▶ _About this task_:
Return all of the data exactly, with nothing left out but the pictures.

▶ _Data excerpt_:
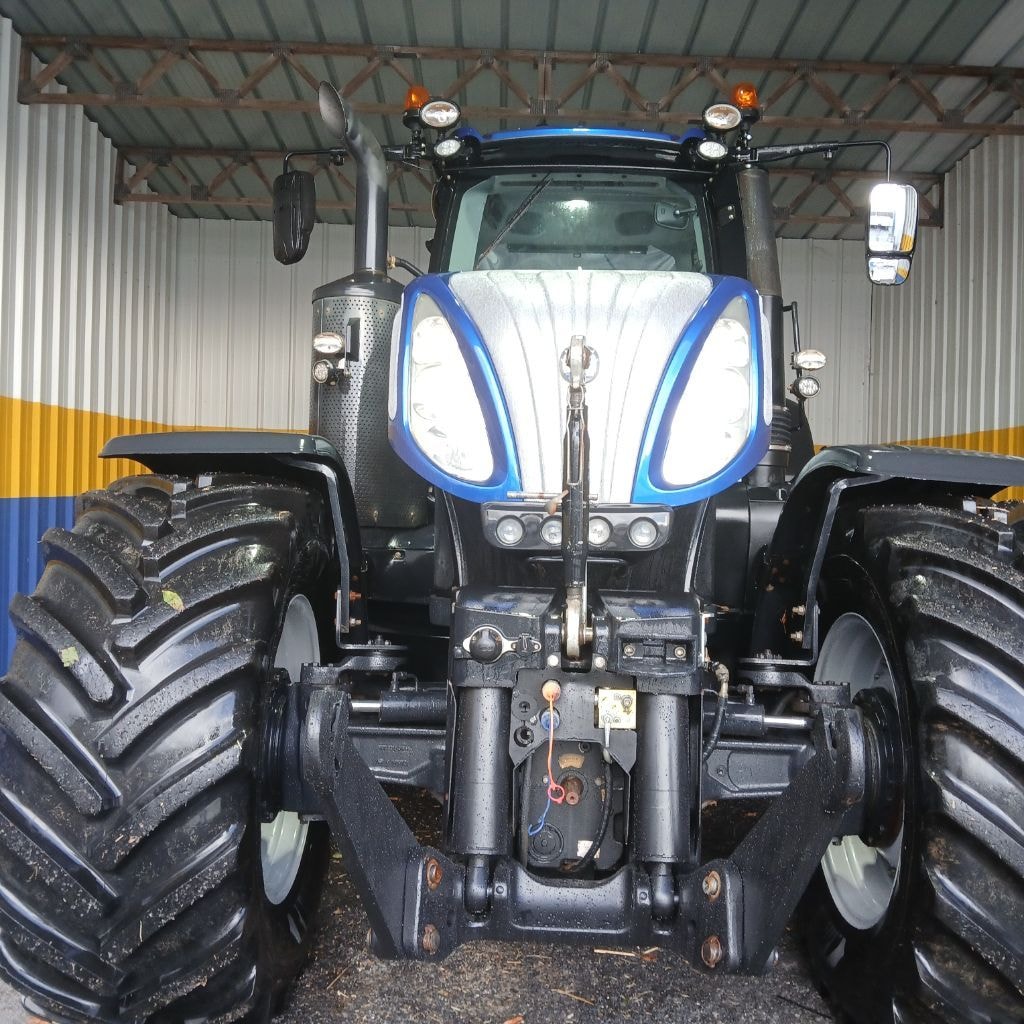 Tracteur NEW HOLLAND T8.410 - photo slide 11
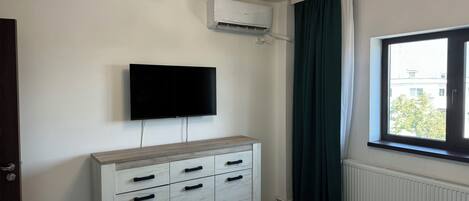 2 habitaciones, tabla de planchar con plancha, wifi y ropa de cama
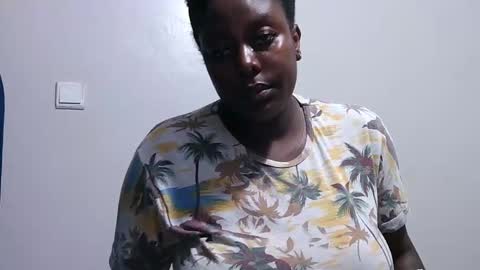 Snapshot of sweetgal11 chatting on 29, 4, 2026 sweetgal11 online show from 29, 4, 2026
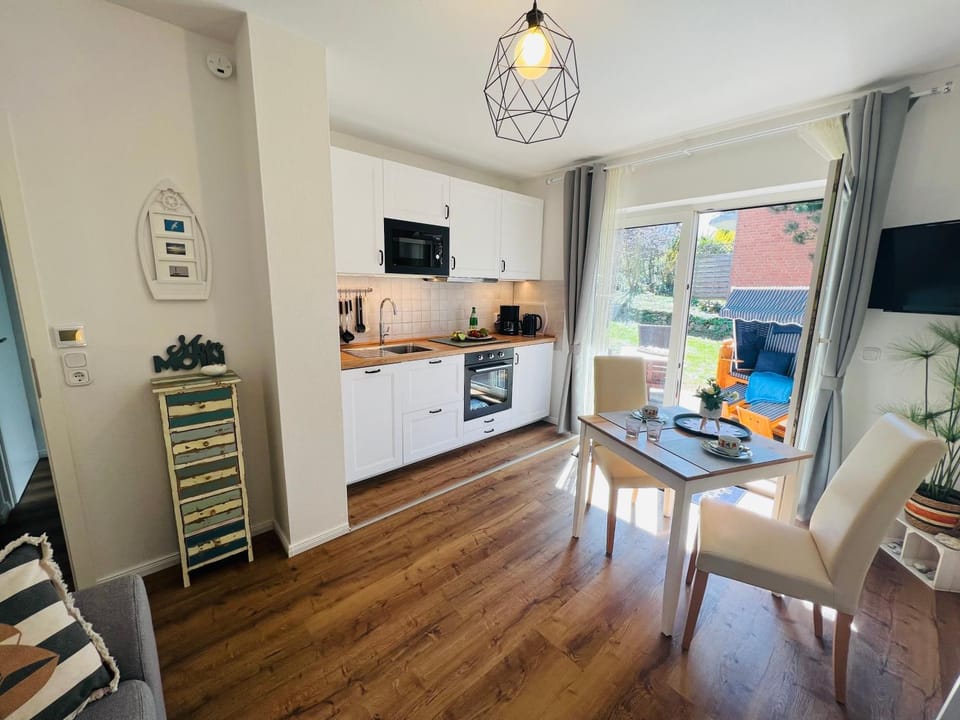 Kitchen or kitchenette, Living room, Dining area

▶ _Solution for this problem_:
 Tracteur NEW HOLLAND T8.410 - photo slide 11
 2 habitaciones, tabla de planchar con plancha, wifi y ropa de cama
 Snapshot of sweetgal11 chatting on 29, 4, 2026 sweetgal11 online show from 29, 4, 2026
 Kitchen or kitchenette, Living room, Dining area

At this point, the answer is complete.